Segment Start: DATA SEGMENT
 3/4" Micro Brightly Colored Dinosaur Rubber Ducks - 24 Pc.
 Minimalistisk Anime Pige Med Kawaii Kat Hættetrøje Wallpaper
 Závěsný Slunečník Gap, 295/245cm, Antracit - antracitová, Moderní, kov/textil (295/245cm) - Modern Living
Segment End: DATA SEGMENT
WHAT THE TASK ASKS: Write back every line of the material exactly as it was provided.

ANSWER FOR THIS EXERCISE:
 3/4" Micro Brightly Colored Dinosaur Rubber Ducks - 24 Pc.
 Minimalistisk Anime Pige Med Kawaii Kat Hættetrøje Wallpaper
 Závěsný Slunečník Gap, 295/245cm, Antracit - antracitová, Moderní, kov/textil (295/245cm) - Modern Living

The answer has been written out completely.